Chapter 7. Thinking About Resilience
Justin Li
In resilient systems, important variables stay in their desired state even when other variables leave their normal state. For example, many animals are able to avoid dying from minor cuts. When skin is cut, unprotected blood-carrying tissue is exposed, yet blood loss quickly trends back to zero as a clot forms. Improving a system’s resilience makes dependent variables describing that system more independent.
Networked systems are often required to respond quickly, expressed as a state like this: 99th percentile latency below one second. Ideally, this is held true all the way to the required limits of the system, for instance, 1s peak request rate of 100000 per second. We want to ensure that the latency variable isn’t too dependent on the request rate variable.
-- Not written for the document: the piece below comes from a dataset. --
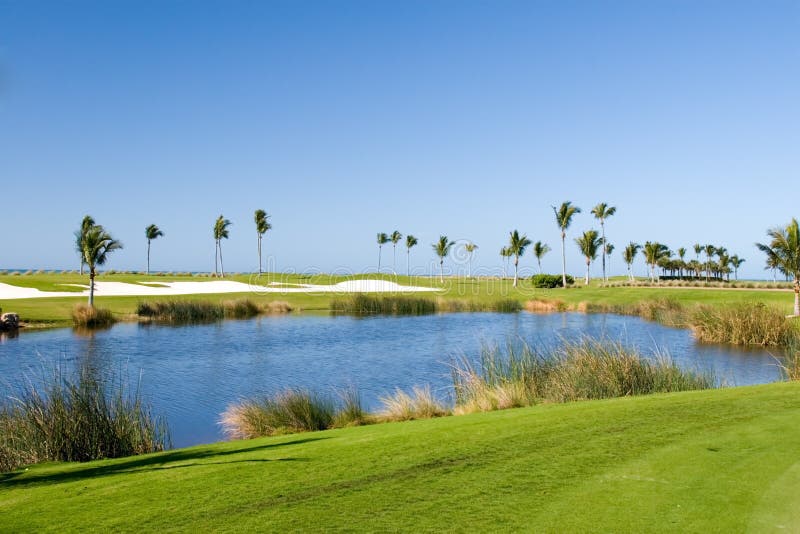 Campo de Golfe fotos de stock royalty free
Here are ways we improve resilience:
- Load reduction
- Throttling, load shedding/prioritization, queuing, load balancing
- Latency reduction
- Caching, regional replication
- Load adaptation
- Autoscaling, overprovisioning
- Resilience (specifically)
- Timeouts, circuit breakers, bulkheads, retries, failovers, fallbacks
- Meta-techniques
- Improving tooling, perhaps to scale up or fail over faster; especially impactful in cases when slow humans are in a system’s critical path
Some of these tools are not usually associated with resilience (they are general optimization techniques), but ...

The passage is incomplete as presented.